• _YOUR INSTRUCTIONS_: Each entry below should be printed exactly as given.

• _RECORDS FOR THIS EXERCISE_:
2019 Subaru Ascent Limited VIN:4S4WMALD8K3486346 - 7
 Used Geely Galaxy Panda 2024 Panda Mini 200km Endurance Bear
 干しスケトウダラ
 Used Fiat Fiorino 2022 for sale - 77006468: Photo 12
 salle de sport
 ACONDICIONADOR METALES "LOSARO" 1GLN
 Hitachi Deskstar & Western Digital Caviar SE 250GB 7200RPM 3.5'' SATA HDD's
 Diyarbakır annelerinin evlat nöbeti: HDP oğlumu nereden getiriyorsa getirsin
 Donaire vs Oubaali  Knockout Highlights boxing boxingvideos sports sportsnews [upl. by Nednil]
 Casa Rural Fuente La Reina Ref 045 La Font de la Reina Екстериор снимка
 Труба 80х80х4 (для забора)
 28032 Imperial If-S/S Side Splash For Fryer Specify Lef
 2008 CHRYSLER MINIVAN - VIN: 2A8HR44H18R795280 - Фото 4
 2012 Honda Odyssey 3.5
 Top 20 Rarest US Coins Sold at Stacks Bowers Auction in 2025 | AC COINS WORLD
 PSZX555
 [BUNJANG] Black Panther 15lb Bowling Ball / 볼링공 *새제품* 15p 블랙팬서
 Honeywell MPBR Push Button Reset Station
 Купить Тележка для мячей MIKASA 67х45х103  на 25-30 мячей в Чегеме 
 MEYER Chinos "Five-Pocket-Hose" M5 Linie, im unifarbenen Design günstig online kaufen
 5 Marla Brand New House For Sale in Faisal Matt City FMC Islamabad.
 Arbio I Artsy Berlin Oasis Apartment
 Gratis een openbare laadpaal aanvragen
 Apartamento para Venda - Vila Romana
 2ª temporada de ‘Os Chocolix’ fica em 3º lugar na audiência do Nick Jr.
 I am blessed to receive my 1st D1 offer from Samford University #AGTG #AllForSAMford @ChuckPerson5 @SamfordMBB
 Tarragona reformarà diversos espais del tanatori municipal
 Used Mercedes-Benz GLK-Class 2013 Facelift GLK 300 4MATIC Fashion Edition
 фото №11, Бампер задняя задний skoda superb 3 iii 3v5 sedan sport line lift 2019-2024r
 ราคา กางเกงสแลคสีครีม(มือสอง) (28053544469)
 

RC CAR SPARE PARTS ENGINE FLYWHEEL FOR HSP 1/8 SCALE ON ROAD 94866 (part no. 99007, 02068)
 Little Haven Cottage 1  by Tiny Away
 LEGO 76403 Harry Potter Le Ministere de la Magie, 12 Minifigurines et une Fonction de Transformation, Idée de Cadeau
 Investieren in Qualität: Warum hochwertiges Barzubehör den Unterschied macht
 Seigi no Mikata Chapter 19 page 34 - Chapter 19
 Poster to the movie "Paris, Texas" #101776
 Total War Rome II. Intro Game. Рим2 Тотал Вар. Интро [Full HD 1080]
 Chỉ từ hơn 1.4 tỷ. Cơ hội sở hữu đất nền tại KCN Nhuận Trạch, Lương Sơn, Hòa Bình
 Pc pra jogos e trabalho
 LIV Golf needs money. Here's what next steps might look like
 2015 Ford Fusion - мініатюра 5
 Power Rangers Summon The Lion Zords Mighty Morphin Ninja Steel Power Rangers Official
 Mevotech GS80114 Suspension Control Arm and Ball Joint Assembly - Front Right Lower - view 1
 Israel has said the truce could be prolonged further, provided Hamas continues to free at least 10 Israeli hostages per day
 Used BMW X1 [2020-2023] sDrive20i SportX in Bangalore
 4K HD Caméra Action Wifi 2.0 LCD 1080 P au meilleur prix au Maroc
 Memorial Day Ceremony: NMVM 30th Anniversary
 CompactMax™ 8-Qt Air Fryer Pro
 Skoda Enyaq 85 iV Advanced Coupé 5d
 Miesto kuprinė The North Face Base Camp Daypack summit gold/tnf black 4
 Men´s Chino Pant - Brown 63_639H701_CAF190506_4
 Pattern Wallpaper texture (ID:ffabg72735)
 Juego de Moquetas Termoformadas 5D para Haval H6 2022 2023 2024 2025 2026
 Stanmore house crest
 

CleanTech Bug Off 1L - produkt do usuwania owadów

• _RESULT FOR THIS EXERCISE_:
2019 Subaru Ascent Limited VIN:4S4WMALD8K3486346 - 7
 Used Geely Galaxy Panda 2024 Panda Mini 200km Endurance Bear
 干しスケトウダラ
 Used Fiat Fiorino 2022 for sale - 77006468: Photo 12
 salle de sport
 ACONDICIONADOR METALES "LOSARO" 1GLN
 Hitachi Deskstar & Western Digital Caviar SE 250GB 7200RPM 3.5'' SATA HDD's
 Diyarbakır annelerinin evlat nöbeti: HDP oğlumu nereden getiriyorsa getirsin
 Donaire vs Oubaali  Knockout Highlights boxing boxingvideos sports sportsnews [upl. by Nednil]
 Casa Rural Fuente La Reina Ref 045 La Font de la Reina Екстериор снимка
 Труба 80х80х4 (для забора)
 28032 Imperial If-S/S Side Splash For Fryer Specify Lef
 2008 CHRYSLER MINIVAN - VIN: 2A8HR44H18R795280 - Фото 4
 2012 Honda Odyssey 3.5
 Top 20 Rarest US Coins Sold at Stacks Bowers Auction in 2025 | AC COINS WORLD
 PSZX555
 [BUNJANG] Black Panther 15lb Bowling Ball / 볼링공 *새제품* 15p 블랙팬서
 Honeywell MPBR Push Button Reset Station
 Купить Тележка для мячей MIKASA 67х45х103  на 25-30 мячей в Чегеме 
 MEYER Chinos "Five-Pocket-Hose" M5 Linie, im unifarbenen Design günstig online kaufen
 5 Marla Brand New House For Sale in Faisal Matt City FMC Islamabad.
 Arbio I Artsy Berlin Oasis Apartment
 Gratis een openbare laadpaal aanvragen
 Apartamento para Venda - Vila Romana
 2ª temporada de ‘Os Chocolix’ fica em 3º lugar na audiência do Nick Jr.
 I am blessed to receive my 1st D1 offer from Samford University #AGTG #AllForSAMford @ChuckPerson5 @SamfordMBB
 Tarragona reformarà diversos espais del tanatori municipal
 Used Mercedes-Benz GLK-Class 2013 Facelift GLK 300 4MATIC Fashion Edition
 фото №11, Бампер задняя задний skoda superb 3 iii 3v5 sedan sport line lift 2019-2024r
 ราคา กางเกงสแลคสีครีม(มือสอง) (28053544469)
 

RC CAR SPARE PARTS ENGINE FLYWHEEL FOR HSP 1/8 SCALE ON ROAD 94866 (part no. 99007, 02068)
 Little Haven Cottage 1  by Tiny Away
 LEGO 76403 Harry Potter Le Ministere de la Magie, 12 Minifigurines et une Fonction de Transformation, Idée de Cadeau
 Investieren in Qualität: Warum hochwertiges Barzubehör den Unterschied macht
 Seigi no Mikata Chapter 19 page 34 - Chapter 19
 Poster to the movie "Paris, Texas" #101776
 Total War Rome II. Intro Game. Рим2 Тотал Вар. Интро [Full HD 1080]
 Chỉ từ hơn 1.4 tỷ. Cơ hội sở hữu đất nền tại KCN Nhuận Trạch, Lương Sơn, Hòa Bình
 Pc pra jogos e trabalho
 LIV Golf needs money. Here's what next steps might look like
 2015 Ford Fusion - мініатюра 5
 Power Rangers Summon The Lion Zords Mighty Morphin Ninja Steel Power Rangers Official
 Mevotech GS80114 Suspension Control Arm and Ball Joint Assembly - Front Right Lower - view 1
 Israel has said the truce could be prolonged further, provided Hamas continues to free at least 10 Israeli hostages per day
 Used BMW X1 [2020-2023] sDrive20i SportX in Bangalore
 4K HD Caméra Action Wifi 2.0 LCD 1080 P au meilleur prix au Maroc
 Memorial Day Ceremony: NMVM 30th Anniversary
 CompactMax™ 8-Qt Air Fryer Pro
 Skoda Enyaq 85 iV Advanced Coupé 5d
 Miesto kuprinė The North Face Base Camp Daypack summit gold/tnf black 4
 Men´s Chino Pant - Brown 63_639H701_CAF190506_4
 Pattern Wallpaper texture (ID:ffabg72735)
 Juego de Moquetas Termoformadas 5D para Haval H6 2022 2023 2024 2025 2026
 Stanmore house crest
 

CleanTech Bug Off 1L - produkt do usuwania owadów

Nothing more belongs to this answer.